Indian shares erased early gains to close lower on Wednesday, posting their sixth straight session of declines, dragged down by major IT stocks such as Infosys Ltd and Tata Consultancy Services Ltd. The 30-stock BSE index ended down 0.25 percent at 26,242.38, while the broader NSE index closed 0.26 percent lower at 8,061.30.
Infosys and TCS fell 1.4 percent each. MSCI's broadest index of Asia-Pacific shares outside Japan was up 0.31 percent on Wednesday. Investors now keep an eye out for the minutes of the Reserve Bank of India's monetary policy committee (MPC) meeting earlier this month, expected later in the day, for clues about the economy and the central bank's stance after demonetisation.
The central bank unexpectedly kept its key policy rate unchanged on December 7, despite calls for action in the face of an intense cash shortage that threatens to slam the brakes on the world's fastest-growing large economy. "The feel-good factor has been missing from the market post-demonetisation," said Neeraj Dewan, director at Quantum Securities. "We will have to wait and watch if the government announces anything substantial early next year to lift investor sentiment. We can then expect a pre-budget rally."

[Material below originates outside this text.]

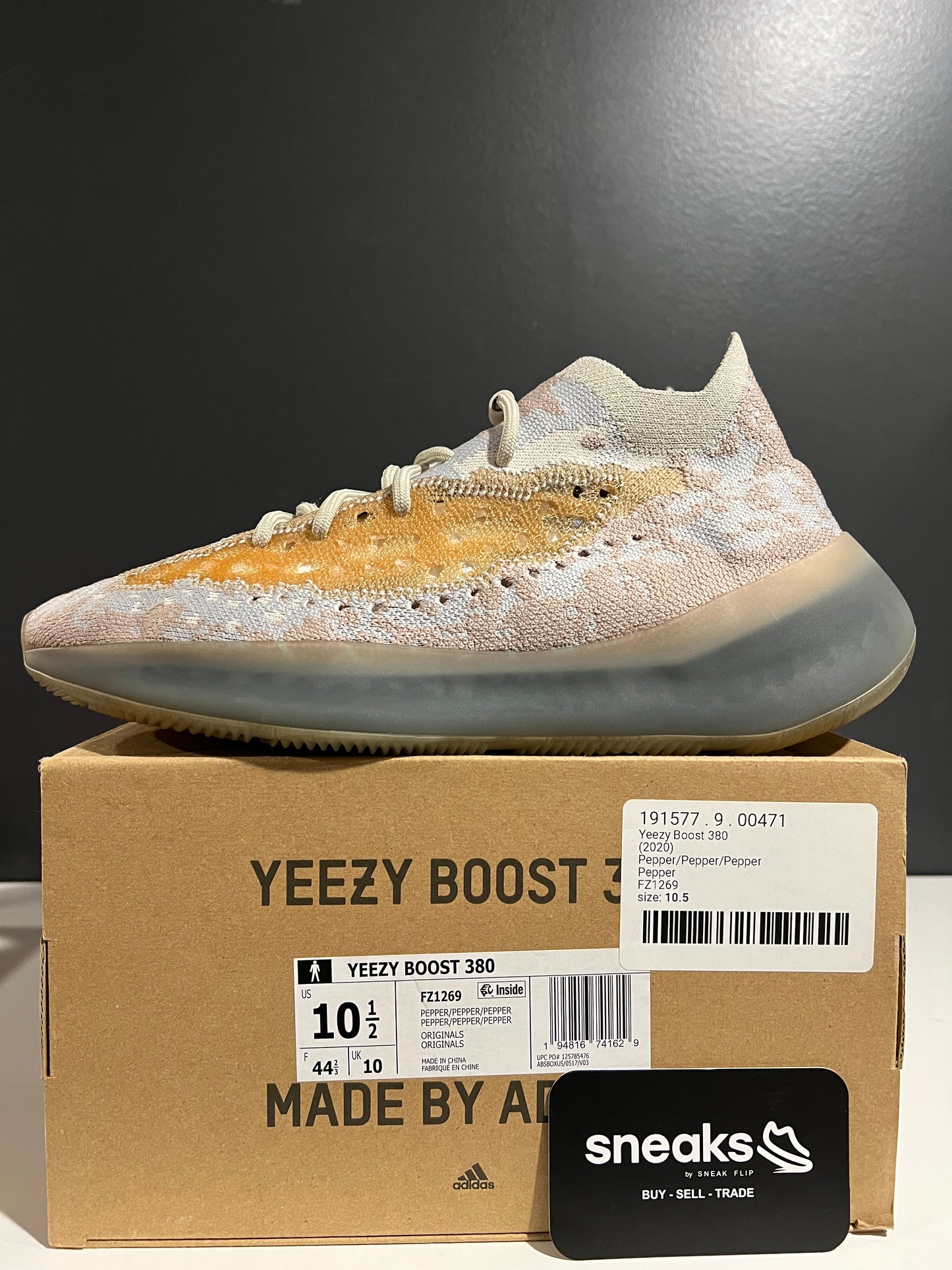 USED Yeezy Boost 380 Pepper Non-Reflective FZ1269 SIZE 10.5M OG ALL AG25-271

Analysts are of the view that markets will trade in a narrow range until the effects of demonetisation pan out with better clarity. Financial stocks bounced back from the previous session's losses and were the major contributors to the gains. ICICI Bank and State Bank of India rose up to 1.4 percent each. However, consumer stocks were among the biggest losers with ITC Ltd, the country's largest cigarette maker, declining as much as 1 percent.